From the first days after its founding in 1975, COHA worked closely with Senator Kennedy’s office, often on an urgent basis, when the lives of various embattled Latin Americans were at risk as a result of a series of dirty wars being waged by the region’s military and other authoritarian regimes against their own citizens during the 1980’s.
In the course of this long relationship, we were particularly grateful for Senator Kennedy’s kind words about this organization which he inserted in the Congressional Record, where he referred to COHA as “one of our nation’s most respected bodies of scholars and policy makers.”

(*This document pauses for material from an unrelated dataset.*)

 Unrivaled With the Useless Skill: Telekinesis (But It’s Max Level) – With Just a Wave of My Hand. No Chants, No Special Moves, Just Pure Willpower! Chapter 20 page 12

COHA worked with Senator Kennedy on a range of crises breaking-out in Latin America. Along with a handful of other invaluable senators serving in the same way like Tom Harkin of Iowa and Christopher Dodd of Connecticut, Senator Kennedy was one of the best informed and most caring U.S. legislators when it came to responding to the humanitarian tragedies being perpetrated in various Latin American countries such as Argentina, Guatemala, Chile, Colombia and El Salvador, among others.
During this period, Senator Kennedy – by picking up the phone and making a vital call backing some important legislative initiative, raising inquiries with the Pentagon or challenging some State Department interpretation that lessened the impact of existing U.S. policies punishing those regimes that blemished rights standards, and by his office sending off communiqués to Chilean, Argentine, Uruguayan, or Brazilian officials demanding clarifications concerning the status of “disappeared” national figures as well as humble citizens, civic leaders or trade union officials – was able to save lives and counter inappropriate White House initiatives. No one in Washington made a greater difference when it came to showing solidarity with the cause of public rectitude throughout Latin America than this man, of the now fallen giant, Senator Kennedy.